The 8¢ stamp in Figure 2 depicts Saint Nicholas as described in Moore's "A Visit from Saint Nicholas." Issued in 1972, this was the first U.S. postage stamp to show an image of Santa Claus (Scott 1472).
In 1863, political cartoonist Thomas Nast's picture of Santa Claus, dressed in a fur-trimmed costume of stars and stripes while visiting battle-weary Civil War troops, appeared in the magazine Harper's Weekly. The Nast images of Santa reinforced Moore's splendid description of the jolly old elf. By the 1880s everyone around the world had a good idea of what Saint Nicholas/Santa Claus really looked like, thanks to Clement Moore and Thomas Nast.
Santa/Saint Nicholas is not the most popular name for our "most famous man on Earth." Much of the world calls him Father Christmas. Children in the United Kingdom and nearly all of the British Commonwealth eagerly await the arrival of Father Christmas.
Figure 3 is a 1997 British stamp (Scott 1776) showing Father Christmas engaging in the British Christmas tradition of pulling a cracker with two small children.
In Italy, Father Christmas is Babbo Natale. The 1999 Italian stamp (Scott 2314) in Figure 4 shows Babbo Natale. Finland partnered with Italy that year to issue joint Christmas stamps, and their version of the same stamp (1117) shows Joulupukki (Father Christmas).
In South Africa he is Vader Kersfees.

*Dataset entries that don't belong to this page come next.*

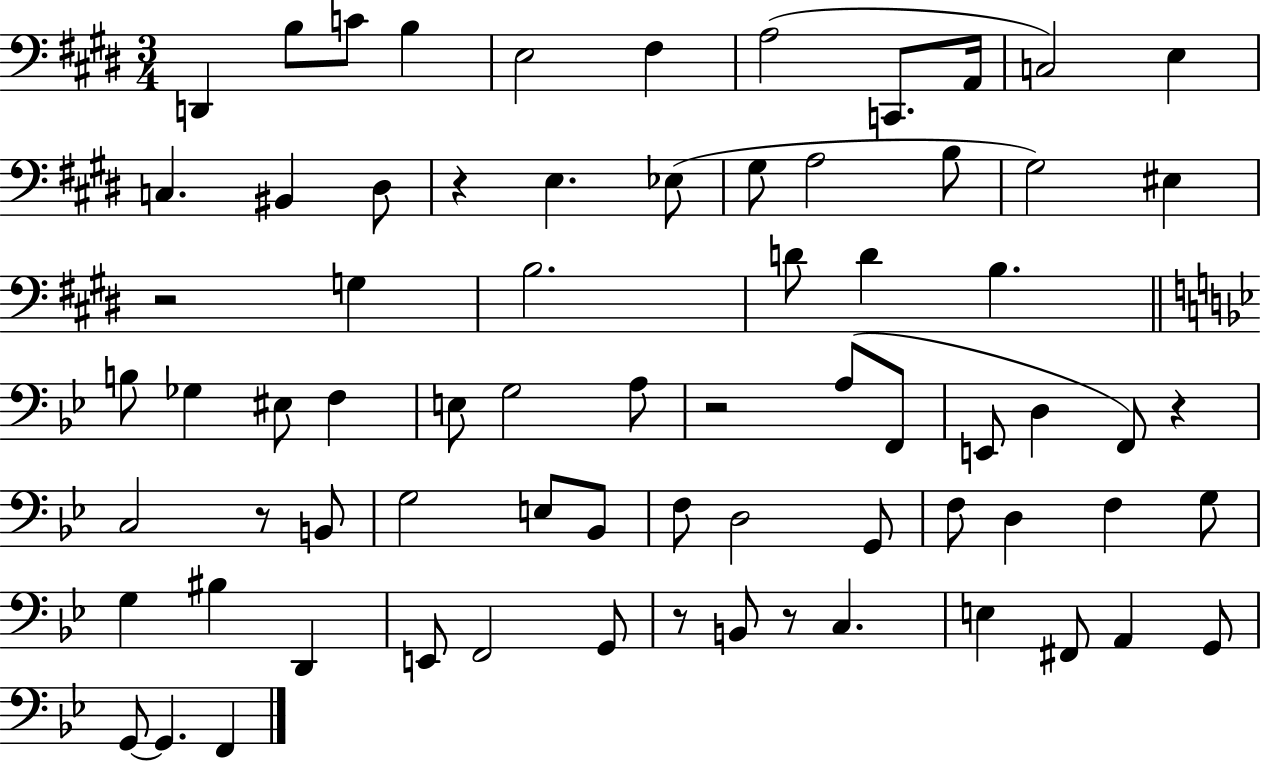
{
  \clef bass
  \numericTimeSignature
  \time 3/4
  \key e \major
  d,4 b8 c'8 b4 | e2 fis4 | a2( c,8. a,16 | c2) e4 | \break c4. bis,4 dis8 | r4 e4. ees8( | gis8 a2 b8 | gis2) eis4 | \break r2 g4 | b2. | d'8 d'4 b4. | \bar "||" \break \key bes \major b8 ges4 eis8 f4 | e8 g2 a8 | r2 a8( f,8 | e,8 d4 f,8) r4 | \break c2 r8 b,8 | g2 e8 bes,8 | f8 d2 g,8 | f8 d4 f4 g8 | \break g4 bis4 d,4 | e,8 f,2 g,8 | r8 b,8 r8 c4. | e4 fis,8 a,4 g,8 | \break g,8~~ g,4. f,4 | \bar "|."
}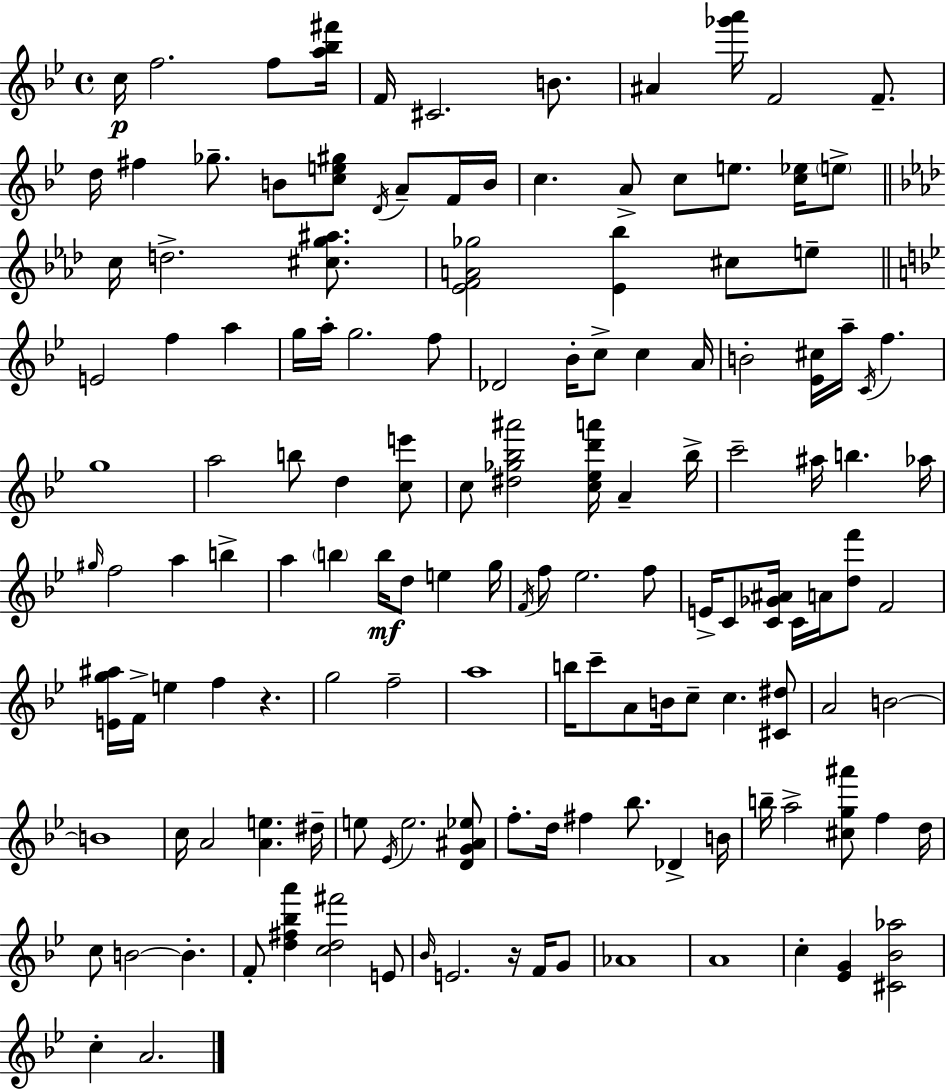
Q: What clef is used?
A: treble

Lithuania calls him Kaledu Senelis, and in Denmark he is known as Julemanden.
Saint Nicholas/Santa Claus/Father Christmas also goes by other names.

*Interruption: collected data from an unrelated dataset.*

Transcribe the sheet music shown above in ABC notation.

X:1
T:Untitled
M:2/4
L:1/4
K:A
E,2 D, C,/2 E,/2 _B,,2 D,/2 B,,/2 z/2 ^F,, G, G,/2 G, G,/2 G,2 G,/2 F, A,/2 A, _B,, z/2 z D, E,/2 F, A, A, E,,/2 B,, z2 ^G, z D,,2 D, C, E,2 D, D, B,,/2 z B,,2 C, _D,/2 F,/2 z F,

He is called Viejo Pascuero (Old Man Christmas) in Chile. Figure 5 shows Viejo Pascuero dashing around, trying to get all of the gifts delivered and clearly working up a sweat that needs to be cooled in front of a fan. This block of four Chilean stamps (Scott 1488) was issued in 2007.

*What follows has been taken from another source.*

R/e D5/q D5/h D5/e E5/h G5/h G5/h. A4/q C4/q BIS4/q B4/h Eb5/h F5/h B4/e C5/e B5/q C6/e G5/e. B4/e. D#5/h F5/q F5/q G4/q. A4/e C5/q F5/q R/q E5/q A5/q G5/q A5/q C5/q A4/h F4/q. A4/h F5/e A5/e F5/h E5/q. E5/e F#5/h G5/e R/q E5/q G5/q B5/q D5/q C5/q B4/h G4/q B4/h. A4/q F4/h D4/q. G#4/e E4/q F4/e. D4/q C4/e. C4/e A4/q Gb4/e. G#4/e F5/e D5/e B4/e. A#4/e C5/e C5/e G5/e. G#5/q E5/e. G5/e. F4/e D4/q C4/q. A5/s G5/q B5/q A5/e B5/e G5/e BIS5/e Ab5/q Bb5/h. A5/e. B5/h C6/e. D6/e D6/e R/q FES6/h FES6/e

Like Chile, China calls its Santa figure a similar "Christmas Old Man." Similar in meaning to Chile's name for Santa, it is not similar sounding: Dun Che Lao Ren. In Russia he is Ded Moroz (Grandfather Frost). Grandfather Frost is shown on a Russian stamp issued in 2005 in Figure 6 (Scott 6927).
In Japan, Santa Claus is Hoteiosho (gift-bearing priest). In 2006, Japan issued stamps that depict Hoteiosho as both a bear and a cat, as shown in Figures 7 and 8.
No matter what you and your favorite children call Santa Claus, I hope he brings you a Merry Christmas.